## THE PROBLEM:
Once you find the line with "2C3CDZAG0GH332175 2016 DODGE" in the data that follows, repeat it and every line after it exactly, through the line with "Решетка радиатора NISSAN".

--

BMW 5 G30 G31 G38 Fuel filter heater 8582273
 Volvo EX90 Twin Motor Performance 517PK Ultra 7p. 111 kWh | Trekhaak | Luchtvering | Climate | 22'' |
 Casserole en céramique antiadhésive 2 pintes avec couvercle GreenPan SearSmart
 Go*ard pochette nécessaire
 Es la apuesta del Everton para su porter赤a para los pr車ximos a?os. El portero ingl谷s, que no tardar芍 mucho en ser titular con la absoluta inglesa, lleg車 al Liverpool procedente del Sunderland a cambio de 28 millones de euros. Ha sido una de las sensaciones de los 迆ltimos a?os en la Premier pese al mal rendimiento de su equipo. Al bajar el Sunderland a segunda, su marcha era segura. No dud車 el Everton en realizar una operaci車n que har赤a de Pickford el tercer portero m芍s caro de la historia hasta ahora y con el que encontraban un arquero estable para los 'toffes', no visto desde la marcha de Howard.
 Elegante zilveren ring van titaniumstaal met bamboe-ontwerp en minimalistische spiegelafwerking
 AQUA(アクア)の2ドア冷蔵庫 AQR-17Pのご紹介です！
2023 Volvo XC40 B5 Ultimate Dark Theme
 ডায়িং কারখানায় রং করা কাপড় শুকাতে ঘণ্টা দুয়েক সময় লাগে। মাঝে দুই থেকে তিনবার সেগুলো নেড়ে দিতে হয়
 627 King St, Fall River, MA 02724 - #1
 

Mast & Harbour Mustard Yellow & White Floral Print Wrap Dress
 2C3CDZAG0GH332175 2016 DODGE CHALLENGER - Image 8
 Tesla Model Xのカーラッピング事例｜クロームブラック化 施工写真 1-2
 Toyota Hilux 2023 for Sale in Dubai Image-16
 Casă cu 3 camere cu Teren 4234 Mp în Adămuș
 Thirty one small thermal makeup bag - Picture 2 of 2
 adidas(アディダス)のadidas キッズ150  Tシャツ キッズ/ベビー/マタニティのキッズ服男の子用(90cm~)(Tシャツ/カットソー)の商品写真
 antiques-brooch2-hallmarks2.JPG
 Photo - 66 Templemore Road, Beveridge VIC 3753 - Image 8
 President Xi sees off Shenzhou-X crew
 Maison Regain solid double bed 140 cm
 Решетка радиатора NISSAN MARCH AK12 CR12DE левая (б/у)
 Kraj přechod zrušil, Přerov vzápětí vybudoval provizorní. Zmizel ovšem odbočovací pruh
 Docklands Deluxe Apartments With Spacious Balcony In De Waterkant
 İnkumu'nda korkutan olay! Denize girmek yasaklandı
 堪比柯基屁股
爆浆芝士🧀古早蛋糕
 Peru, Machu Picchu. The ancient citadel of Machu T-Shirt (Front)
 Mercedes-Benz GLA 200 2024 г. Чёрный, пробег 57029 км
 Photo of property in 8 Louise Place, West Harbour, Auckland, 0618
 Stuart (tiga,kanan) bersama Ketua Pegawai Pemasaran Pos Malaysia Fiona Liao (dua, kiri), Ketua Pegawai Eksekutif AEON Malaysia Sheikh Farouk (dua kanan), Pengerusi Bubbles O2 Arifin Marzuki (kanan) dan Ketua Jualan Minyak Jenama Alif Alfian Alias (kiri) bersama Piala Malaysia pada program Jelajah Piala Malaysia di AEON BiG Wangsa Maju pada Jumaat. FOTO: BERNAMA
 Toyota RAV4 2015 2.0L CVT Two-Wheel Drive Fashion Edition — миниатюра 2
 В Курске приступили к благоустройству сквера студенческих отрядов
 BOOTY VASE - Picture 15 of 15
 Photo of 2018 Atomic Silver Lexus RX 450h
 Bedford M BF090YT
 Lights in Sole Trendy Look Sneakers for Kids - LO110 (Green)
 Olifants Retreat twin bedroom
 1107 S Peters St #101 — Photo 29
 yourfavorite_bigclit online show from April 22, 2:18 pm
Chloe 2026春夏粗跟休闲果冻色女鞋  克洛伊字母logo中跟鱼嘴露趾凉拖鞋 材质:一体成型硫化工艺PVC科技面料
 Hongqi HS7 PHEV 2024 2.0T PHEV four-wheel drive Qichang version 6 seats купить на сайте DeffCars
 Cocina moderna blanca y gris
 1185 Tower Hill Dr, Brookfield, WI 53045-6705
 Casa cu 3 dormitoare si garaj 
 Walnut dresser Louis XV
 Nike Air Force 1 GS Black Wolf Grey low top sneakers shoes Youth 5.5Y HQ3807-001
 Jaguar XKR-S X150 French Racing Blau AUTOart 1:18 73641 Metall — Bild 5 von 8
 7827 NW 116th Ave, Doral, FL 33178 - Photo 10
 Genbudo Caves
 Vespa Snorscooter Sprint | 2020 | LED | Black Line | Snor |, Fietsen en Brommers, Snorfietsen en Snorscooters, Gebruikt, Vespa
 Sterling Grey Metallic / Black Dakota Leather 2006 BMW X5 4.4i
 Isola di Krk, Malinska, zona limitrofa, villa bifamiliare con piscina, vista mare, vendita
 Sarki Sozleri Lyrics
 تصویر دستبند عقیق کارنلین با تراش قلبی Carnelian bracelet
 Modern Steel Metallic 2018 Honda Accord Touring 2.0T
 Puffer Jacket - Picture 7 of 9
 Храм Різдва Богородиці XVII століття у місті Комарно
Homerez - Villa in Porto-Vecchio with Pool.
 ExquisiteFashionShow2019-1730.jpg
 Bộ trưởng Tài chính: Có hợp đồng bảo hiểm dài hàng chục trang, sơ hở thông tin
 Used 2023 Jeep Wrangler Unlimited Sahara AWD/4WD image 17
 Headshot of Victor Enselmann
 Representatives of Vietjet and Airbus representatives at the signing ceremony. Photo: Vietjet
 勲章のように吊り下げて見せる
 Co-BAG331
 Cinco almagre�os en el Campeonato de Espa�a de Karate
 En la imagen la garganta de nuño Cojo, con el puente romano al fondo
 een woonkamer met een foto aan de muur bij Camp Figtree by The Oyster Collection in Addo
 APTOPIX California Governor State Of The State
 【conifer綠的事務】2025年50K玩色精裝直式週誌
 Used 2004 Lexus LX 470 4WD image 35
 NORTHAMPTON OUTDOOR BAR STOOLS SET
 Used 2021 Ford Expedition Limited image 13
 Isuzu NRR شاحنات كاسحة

--

## REPLY TO THE EXERCISE:
 2C3CDZAG0GH332175 2016 DODGE CHALLENGER - Image 8
 Tesla Model Xのカーラッピング事例｜クロームブラック化 施工写真 1-2
 Toyota Hilux 2023 for Sale in Dubai Image-16
 Casă cu 3 camere cu Teren 4234 Mp în Adămuș
 Thirty one small thermal makeup bag - Picture 2 of 2
 adidas(アディダス)のadidas キッズ150  Tシャツ キッズ/ベビー/マタニティのキッズ服男の子用(90cm~)(Tシャツ/カットソー)の商品写真
 antiques-brooch2-hallmarks2.JPG
 Photo - 66 Templemore Road, Beveridge VIC 3753 - Image 8
 President Xi sees off Shenzhou-X crew
 Maison Regain solid double bed 140 cm
 Решетка радиатора NISSAN MARCH AK12 CR12DE левая (б/у)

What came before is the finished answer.